The company will present the project at ISCA 2026, but a technical document reveals a solution already operational within the company's infrastructure, where it is used across millions of servers to support workloads ranging from AI inference to data analysis. According to Meta, the lifespan of servers generally ranges from three to five years, while memory modules can remain fully functional for seven to ten years. This means that large quantities of DDR4 RAM are discarded along with the servers even though they are still fully usable.

At the same time, about 40% of the company's machine fleet cannot be expanded with additional memory, which limits the execution of certain workloads requiring hundreds of gigabytes or even terabytes of RAM. From this situation arose the idea of recovering DDR4 modules from systems retired from service and integrating them into new DDR5-based servers, increasing the available capacity without exclusively purchasing new production memory.

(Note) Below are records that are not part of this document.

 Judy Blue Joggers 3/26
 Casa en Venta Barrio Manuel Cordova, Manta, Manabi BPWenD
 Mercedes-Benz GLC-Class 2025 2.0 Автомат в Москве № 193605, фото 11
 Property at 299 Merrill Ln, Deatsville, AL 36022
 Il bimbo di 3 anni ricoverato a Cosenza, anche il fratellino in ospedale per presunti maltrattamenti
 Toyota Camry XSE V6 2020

To enable this integration, Meta designed Vistara, a proprietary ASIC that serves as a bridge between DDR4 memory and modern processors through a CXL 2.0/1.1 interface on a PCI Express Gen5 x16 connection. The company explains that the CXL solutions available on the market did not meet their needs. Many products actually integrate memory and controllers in the same device, preventing the reuse of existing DIMM modules, in addition to not supporting DDR4 or being deemed too expensive in terms of power consumption and costs.

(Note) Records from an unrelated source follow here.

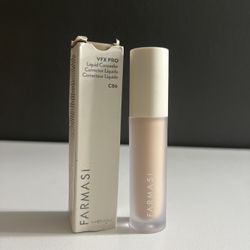 Corrector Líquido- Shade C06 (Nuevo en caja)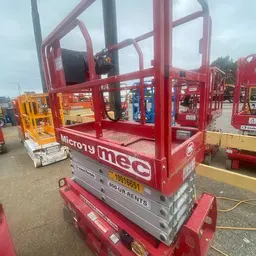 2019 MEC MICRO 19 Scissor Lift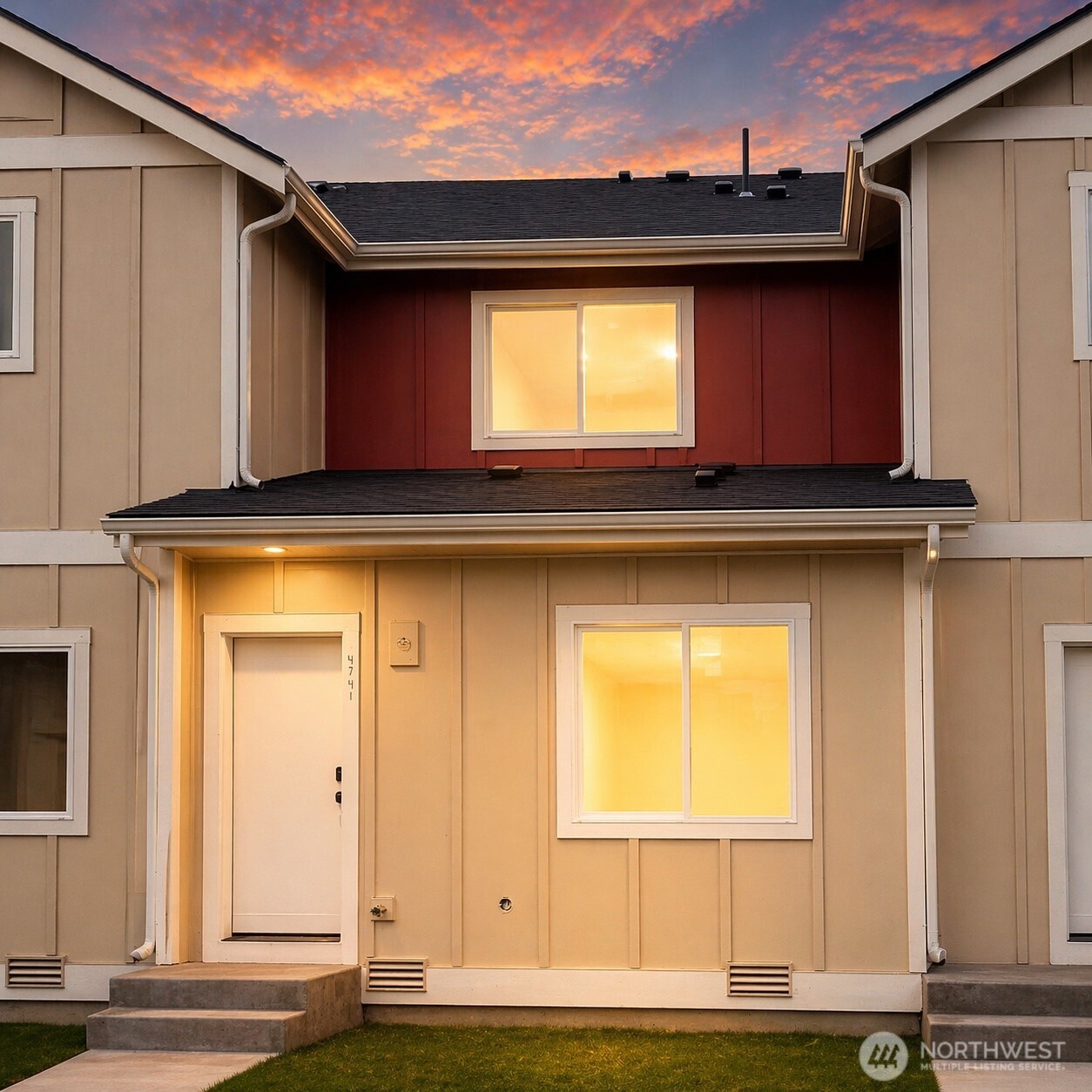 4741 Court R , Tacoma, WA 98404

Vistara, on the other hand, takes a different approach: it completely separates the controller from the memory, allowing for the free installation of DDR4 modules recovered from decommissioned servers. Each ASIC integrates two 72-bit DDR4 channels, supports speeds of up to 3,200 MT/s, and can handle up to 256 GB of memory using 64 GB DIMMs. The chip is also controlled by two RISC-V processors developed for this platform.

The technology is employed in systems that Meta defines as MemServer, equipped with AMD Turin processors featuring 158 cores and 316 threads. Each node integrates 768 GB of DDR5 memory alongside 256 GB of recovered DDR4 memory, connected through Vistara cards installed in dedicated rear slots of the chassis. To ensure operational reliability even under high loads, the system adopts dedicated cooling with airflow directed directly towards CXL modules and high-density memory.

From a software perspective, DDR4 memory is exposed to the Linux operating system as a separate NUMA node without associated CPUs. Applications initially utilize the local memory directly connected to the processor and only resort to the additional capacity made available via CXL when necessary.

Meta has also made specific modifications to the Linux kernel's CXL driver, stating that these interventions have already been integrated or are being included in the main branch of the project. The company claims that the availability of additional memory significantly reduces Out of Memory (OOM) events during the execution of particularly demanding applications such as Spark, Hive, databases, distributed caching systems, CI/CD pipelines, and inference models for recommendation systems.

According to data reported in the technical document, memory expansion allows for a 33% reduction in job restarts and resource fragmentation phenomena due to OOM errors, thus improving the overall reliability of the infrastructure. The economic impact appears equally significant. Meta states that for some implementations dedicated to distributed AI inference, the new architecture allows for a reduction of up to 25% in the number of servers needed to perform the same work, along with the additional benefit of reusing already available components.